_TASK ITEM_. All of the data that follows is to be written out exactly, with images excluded.

[Scraped caption text data]
.....

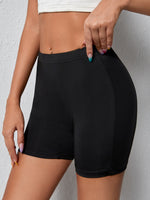 Women Leggings Wholesalers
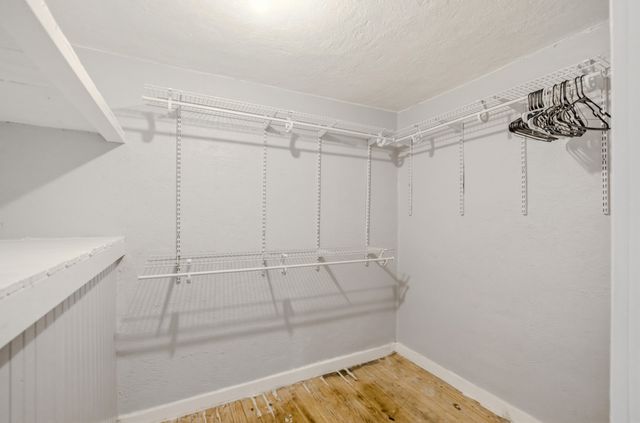 107 E WORLEY ST, Columbia, MO 65203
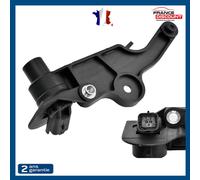 Sensore PMH Per CITROEN BERLINGO C2 C3 C4 NEMO SAXO XSARA - 1920AW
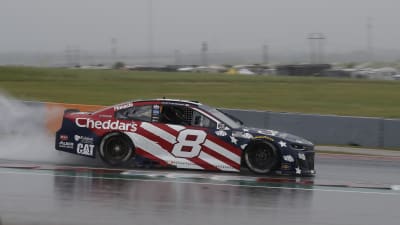 May 22, 2021:  


at Circuit of the Americas in Austin, TX.   (HHP/Harold Hinson)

.....

_ANSWER TO THE PROBLEM_.
 Women Leggings Wholesalers
 107 E WORLEY ST, Columbia, MO 65203
 Sensore PMH Per CITROEN BERLINGO C2 C3 C4 NEMO SAXO XSARA - 1920AW
 May 22, 2021:  


at Circuit of the Americas in Austin, TX.   (HHP/Harold Hinson)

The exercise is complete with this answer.